==== EXERCISE DATA ====
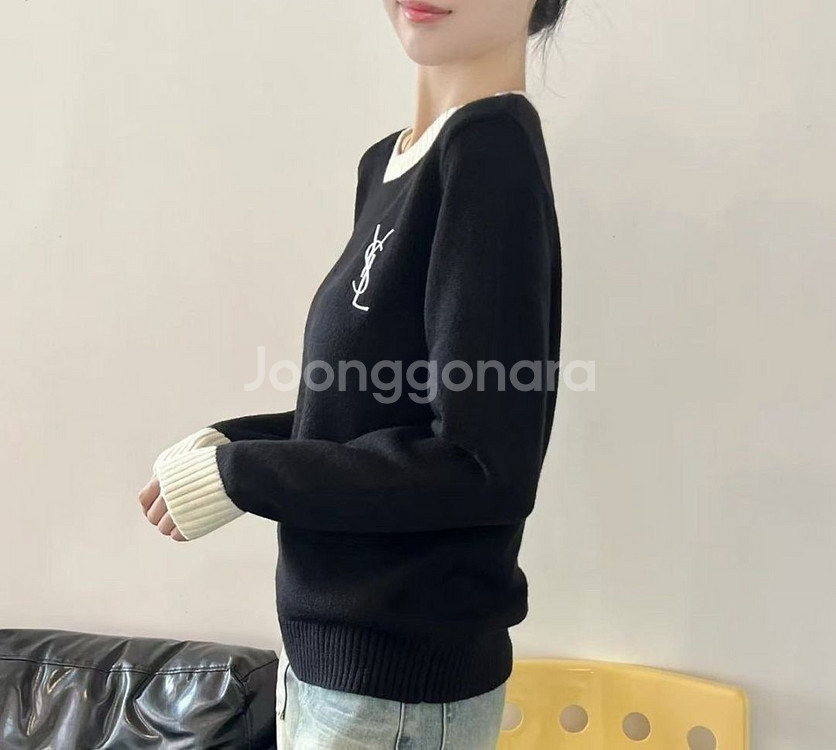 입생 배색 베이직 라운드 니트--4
====
==== EXERCISE DATA ====
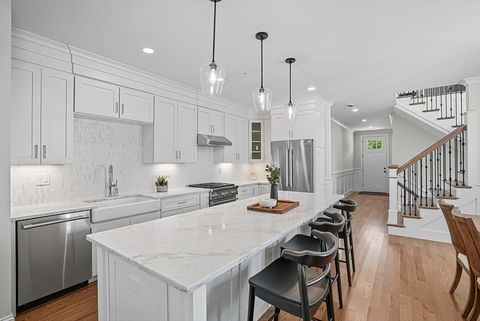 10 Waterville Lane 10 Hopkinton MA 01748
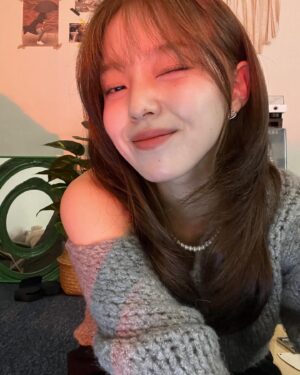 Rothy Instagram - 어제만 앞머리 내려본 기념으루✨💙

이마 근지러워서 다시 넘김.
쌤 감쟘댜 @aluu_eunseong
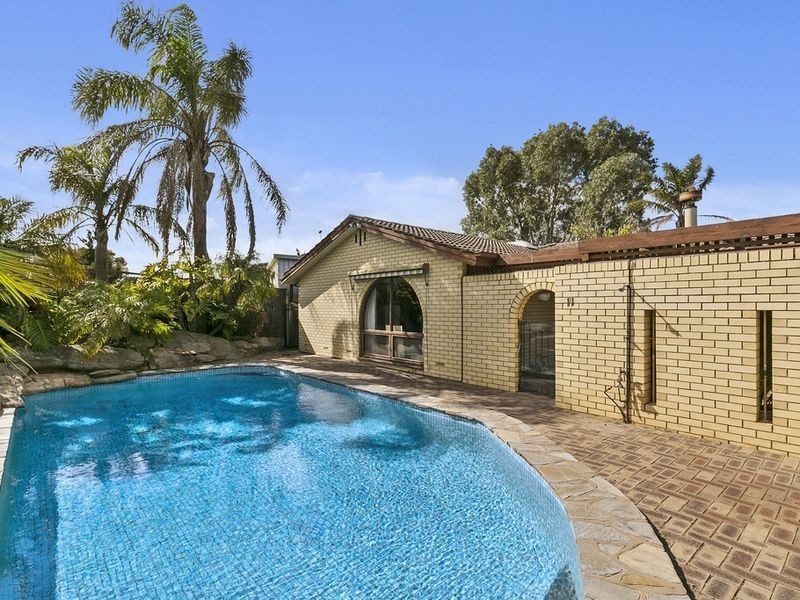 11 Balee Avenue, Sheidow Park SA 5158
====
==== EXERCISE DATA ====
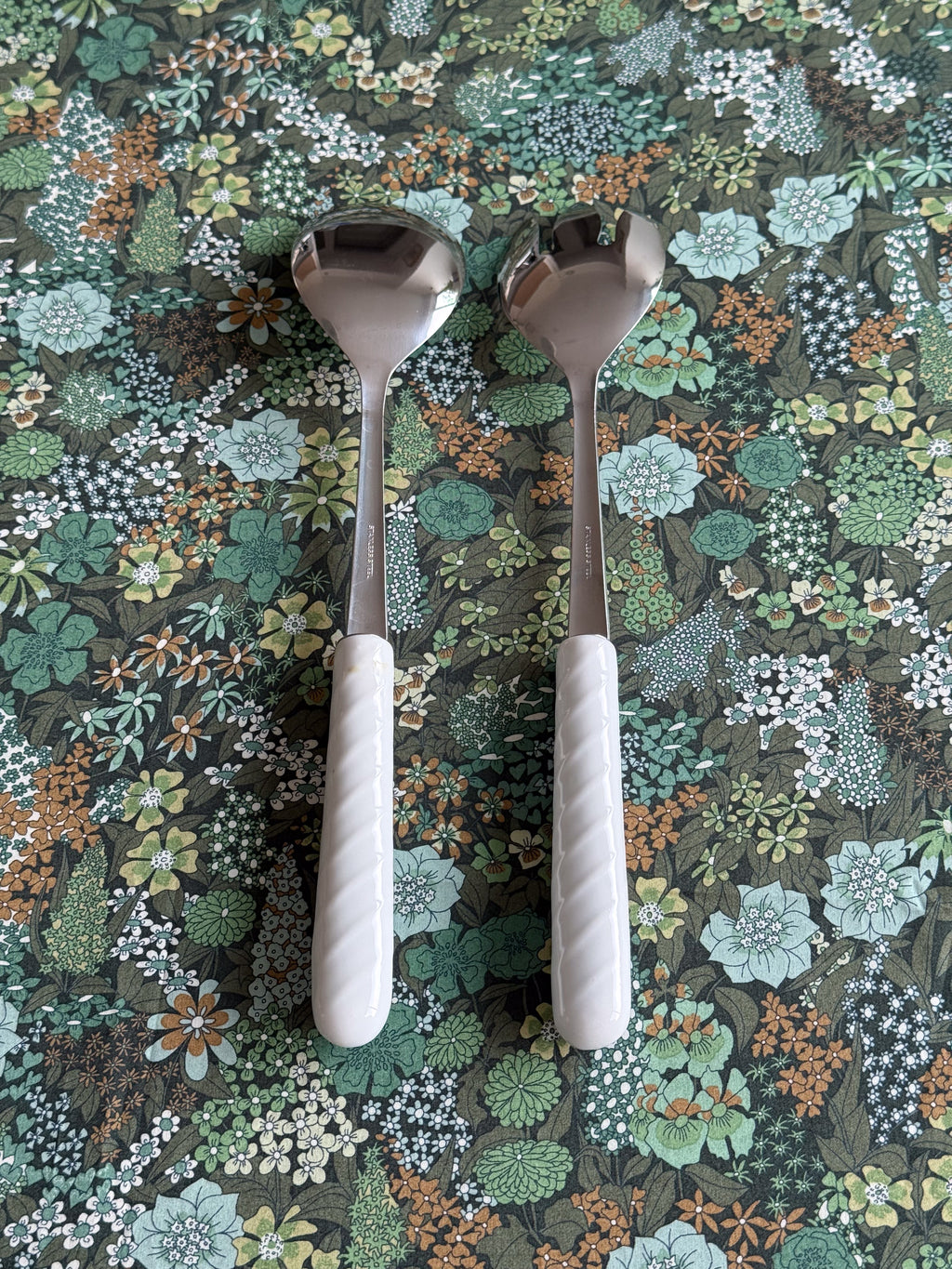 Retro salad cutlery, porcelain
====
**GOAL OF THE EXERCISE**
Word for word, retype the lines in the entries above that run from the one with "쌤 감쟘댜 @aluu_eunseong" through the one with "11 Balee Avenue, Sheidow Park SA 5158". Both ends count; pictures do not.

**FINISHED EXERCISE**
쌤 감쟘댜 @aluu_eunseong
 11 Balee Avenue, Sheidow Park SA 5158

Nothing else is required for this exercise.